* Your objective
The required answer is an exact copy of the records below, without pictures.
* * * * * * *
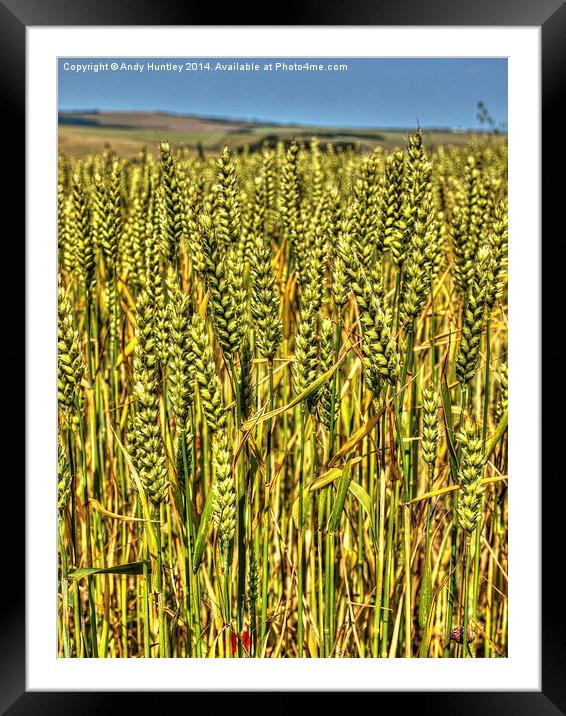 Wheat Stalks Framed Mounted Print by Andy Huntley
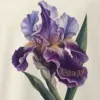 "Dressed for Dusk Iris" Men's Oversized Heavyweight Crewneck T-Shirt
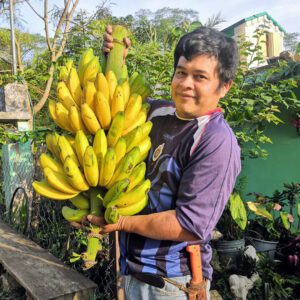 INANA: La Gloria Cosautlan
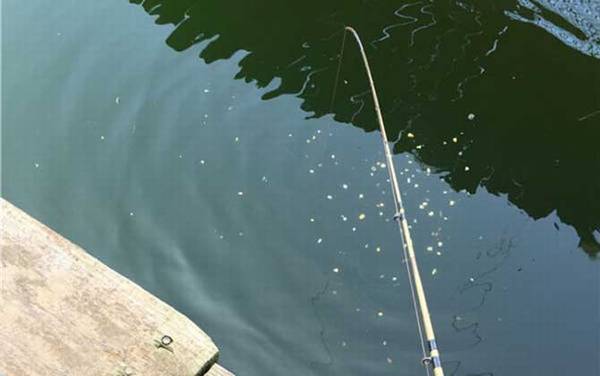 筏钓正确钓法及注意事项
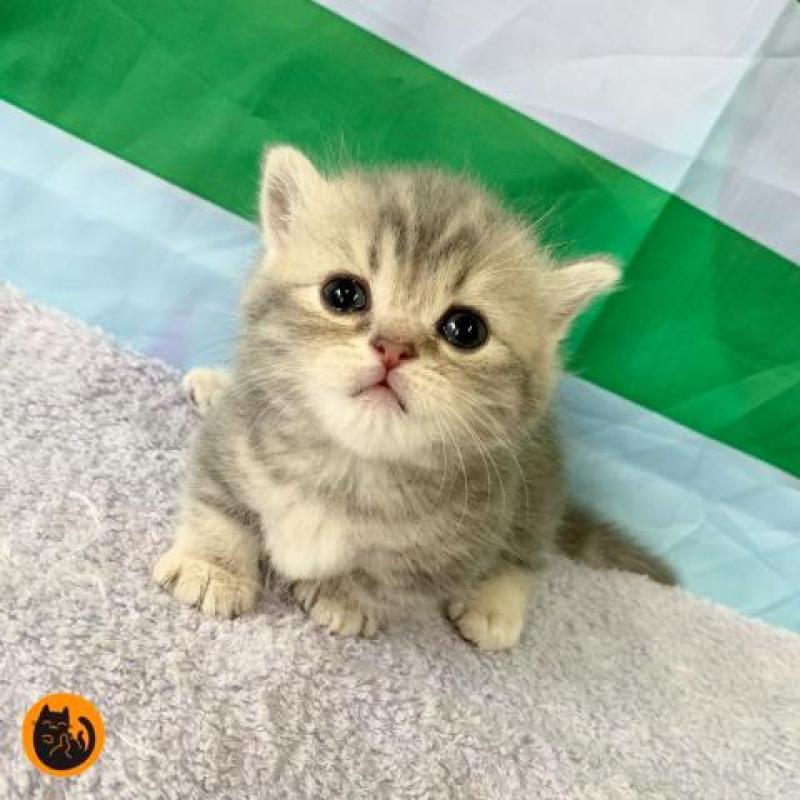 販売中の大阪府のマンチカン(短足)-127659
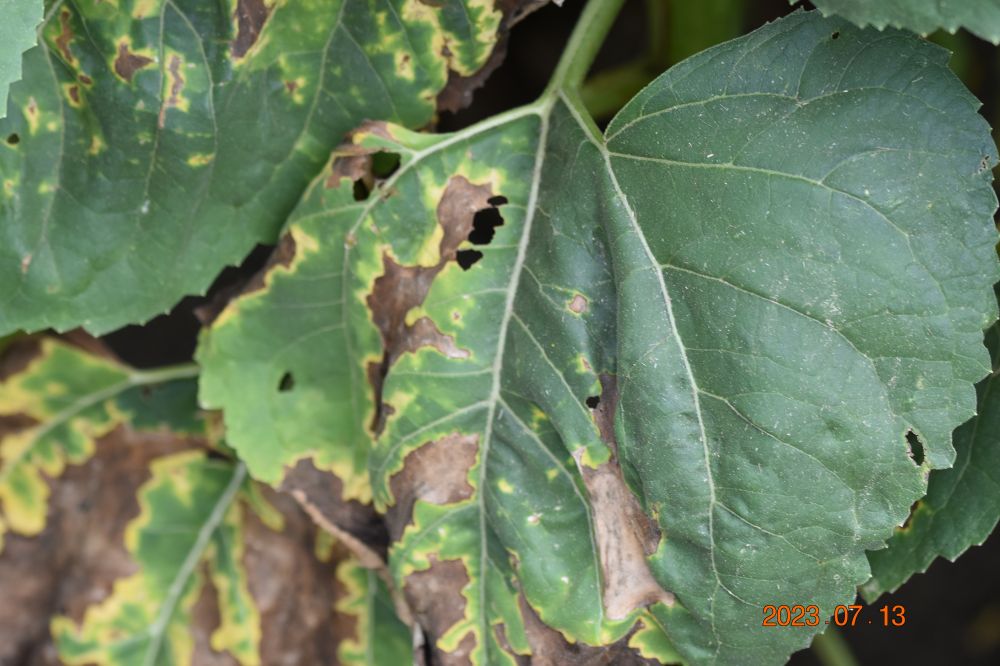 Alternaria fertőzés a napraforgóban
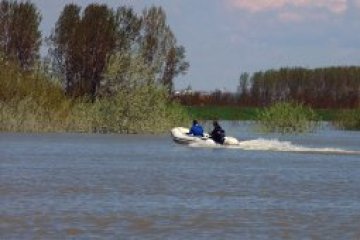 Днес река Дунав празнува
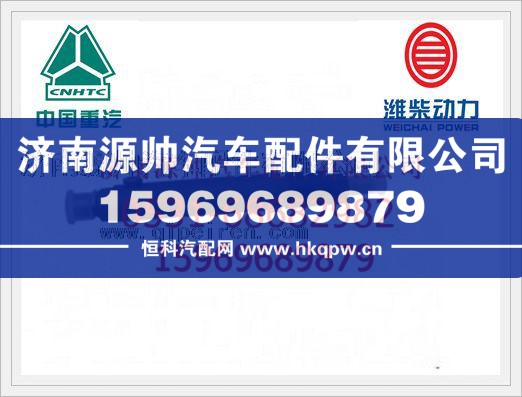 61560080276,潍柴喷油器总成61560080276,济南源帅汽车配件有限公司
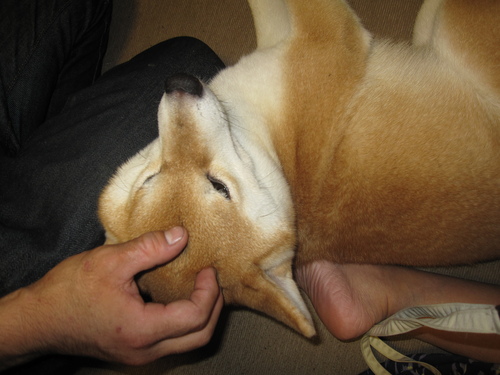 f0245650_853120.jpg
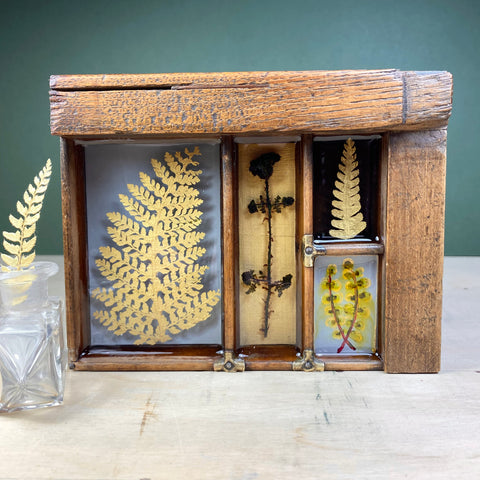 #416 Garden Ferns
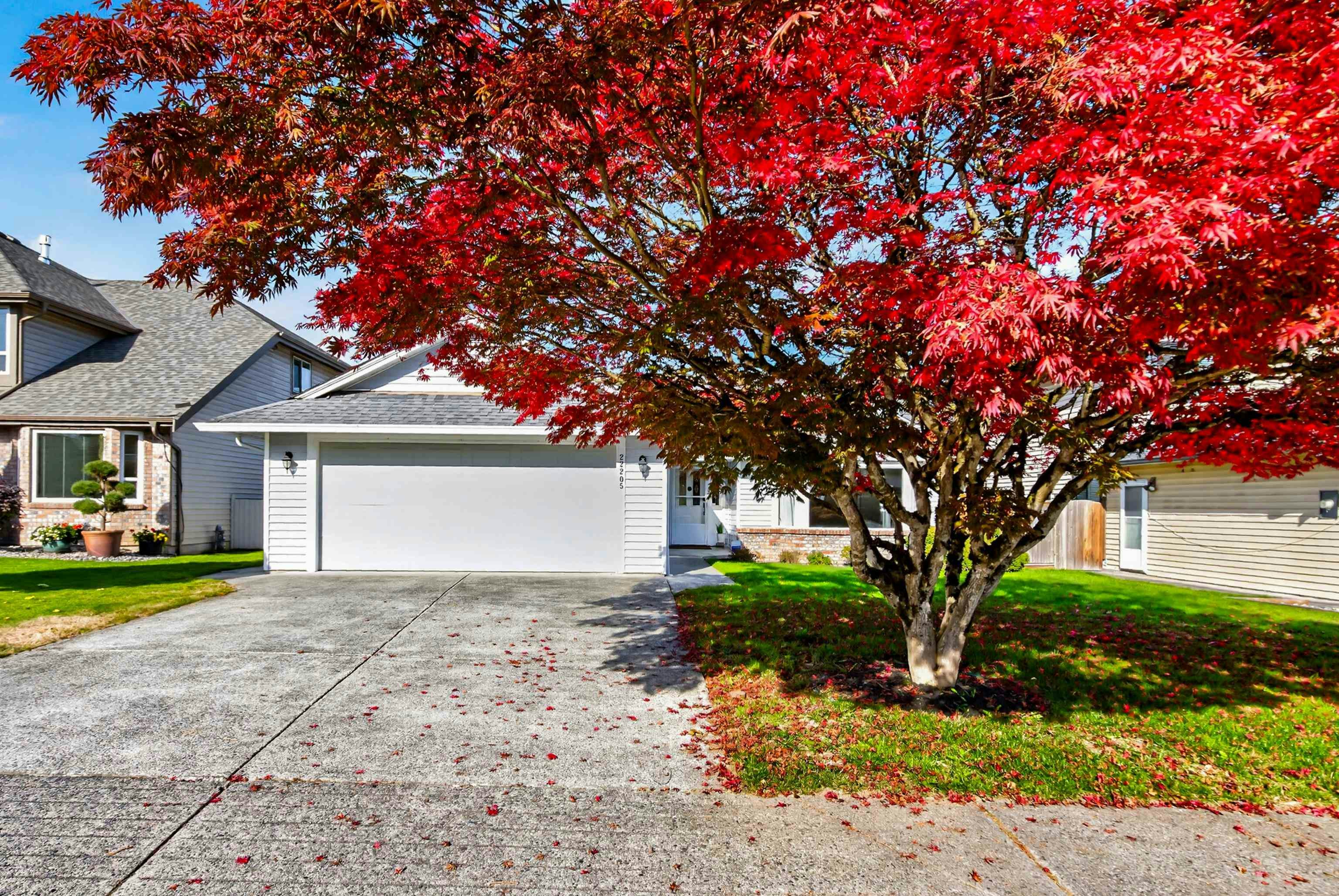 22205 126 Avenue, Maple Ridge, BC, V2X 0W5 - 3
* * * * * * *
* Response
 Wheat Stalks Framed Mounted Print by Andy Huntley
 "Dressed for Dusk Iris" Men's Oversized Heavyweight Crewneck T-Shirt
 INANA: La Gloria Cosautlan
 筏钓正确钓法及注意事项
 販売中の大阪府のマンチカン(短足)-127659
 Alternaria fertőzés a napraforgóban
 Днес река Дунав празнува
 61560080276,潍柴喷油器总成61560080276,济南源帅汽车配件有限公司
 f0245650_853120.jpg
 #416 Garden Ferns
 22205 126 Avenue, Maple Ridge, BC, V2X 0W5 - 3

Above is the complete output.